The lawsuit accuses SCDJJ officials of violating Doe’s Fourteenth Amendment rights by failing to intervene and protect Doe from Whisonant’s unconstitutional use of force and by failing to train and supervise its employees.

The lawsuit includes ten separate claims against SCDJJ for failure to supervise, negligent hiring, and assaults and batteries suffered by Doe.

“SCDJJ knew or should have known that due to the existence of a dorm for juvenile sex offenders, potential predators would be attracted to working in or around a dorm for juvenile sex offenders,” the lawsuit said.

As a result, Doe “suffered physical injury, psychological harm, experienced pain and suffering, mental anguish, and a loss of enjoyment of life.”

Summerville, South Carolina attorney Asby Fulmer is representing Doe in the lawsuit, and Lexington, South Carolina attorney Patrick Fawley is representing SCDJJ. 

Other SCDJJ lawsuit

Earlier this month, the Department of Justice ( (DOJ) found that conditions Broad River Road Complex (BRRC) in Columbia, South Carolina, violate the Fourteenth Amendment of the Constitution.

The DOJ released an 18-page report detailing the level of the violence, abuse and harsh conditions at the Columbia facility housing an average of over 100 teens who are all under 17-years old.

In a letter to Gov. Henry McMaster, whose administration oversees the Department of Juvenile Justice (SCDJJ), assistant attorney general Eric Dreiband said the DOJ’s extensive investigation found that “South Carolina fails to keep youth reasonably safe from youth-on-youth violence at the BRRC.”

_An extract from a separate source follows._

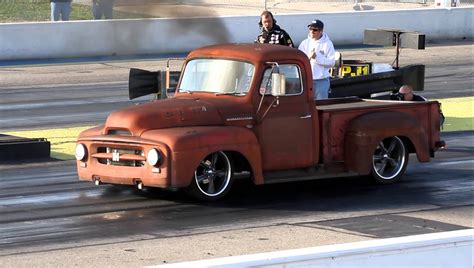 1954 International Pickup Information And Photos Momentcar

“SCDJJ, through its failure to train its staff, implement effective behavior management tools, and establish key safety features in its physical plant, seriously harms youth or places them at substantial risk of serious harm from other youth,” the letter said. “Additionally, SCDJJ seriously harms youth by using isolation for punitive rather than legitimate purposes and by placing youth in isolation for lengthy periods.”

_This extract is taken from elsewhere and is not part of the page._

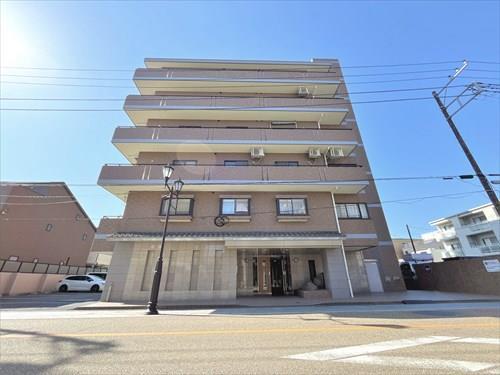 外観‐2025年11月撮影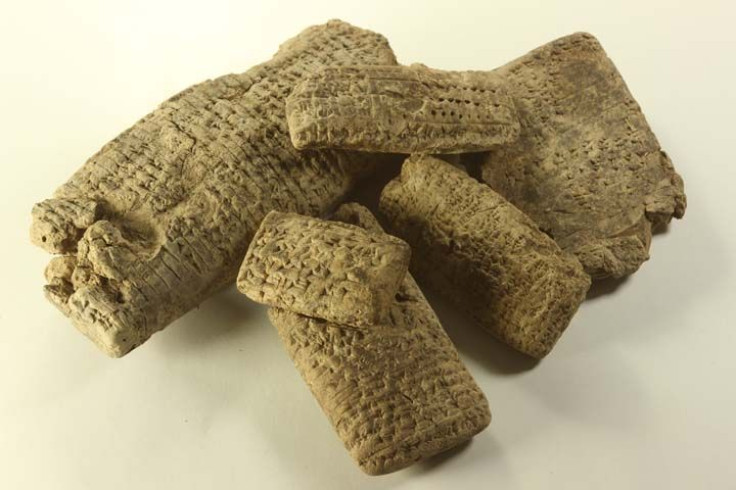 Sumerian Artifacts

The report contained shocking numbers on youth violence in the BRRC. In an 11-month timeframe, there were:

  • 134 fights
  • 71 assaults
  • 99 injuries from violence
  • Fights and assaults 2 of every 3 days (average).

The report details graphic incidents of violence in which the guards failed to protect the youth. 

The Attorney General could file a lawsuit if these conditions are not corrected within 49 days, according to the letter. However, Dreiband wrote they hope “to resolve this matter through a more cooperative approach.”